The Arizona Court of Appeals held the Insurer had “good reason to suspect arson” and the Insured’s expert affidavit did not raise a material question of fact, which precluded summary judgment.
The Arizona Court of Appeals noted the following undisputed evidence indicated both “good reason to suspect arson” and no material fact to issue regarding bad faith:
- The Insurer promptly interviewed relevant witnesses, performed an investigation of the fire scene, and sought relevant public documents;
- When the Insurer’s initial investigation revealed the fire was of suspicious origin, it asked the Insured’s to provide verifying documents and statements under oath;
- The Insured’s did not immediately cooperate with the Insurer’s investigation and failed for several months to both provide the requested information and submit to sworn examination; and
- After the Insured’s examinations under oath, the Insurer conducted follow-up investigation: it conducted follow-up interviews, obtained additional records, and attempted to contact witnesses identified by the Insured’s.

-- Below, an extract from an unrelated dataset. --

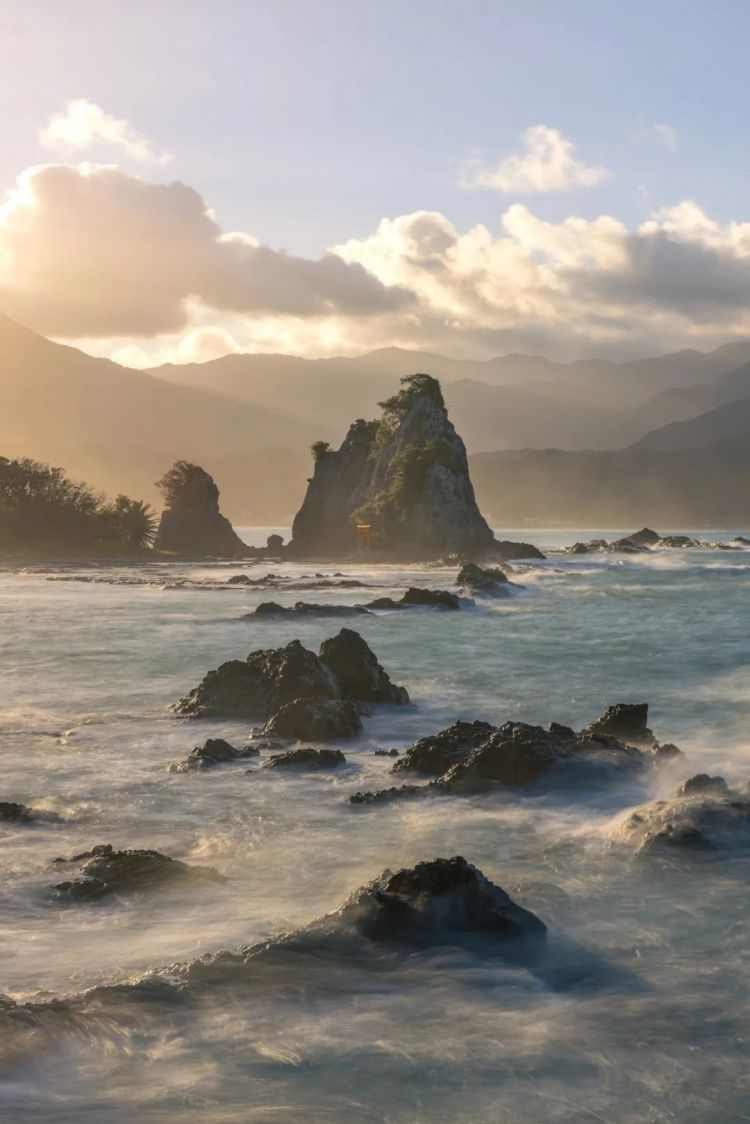 第252期：日本出生人口再创新低；鸠山由纪夫出席九三阅兵；极乐净土组合解散？二宫和也《8号出口》确认引进 | 百通板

The Epperson opinion also provides a detailed account of the Insurer’s investigation and the “red flags” surrounding the Insured’s claim.
Regarding the Insured’s expert affidavit, the Court of Appeals:
- Noted the trial court’s ruling that the expert opinion was not evidence that created a material fact; and
- Cited Florez v. Sargeant, 185 Ariz. 521, 527, 917 P.3d 250 (1996), which held that conclusory expert affidavits do not create a triable facts issue if they:
- do not cite facts to support an expert’s opinion, or
- list facts which do not support the expert’s legal conclusion do not create a triable fact issue.
What are the takeaways for an Arizona Insurer investigating a suspicious fire claim and/or defending bad faith cases arising from the same?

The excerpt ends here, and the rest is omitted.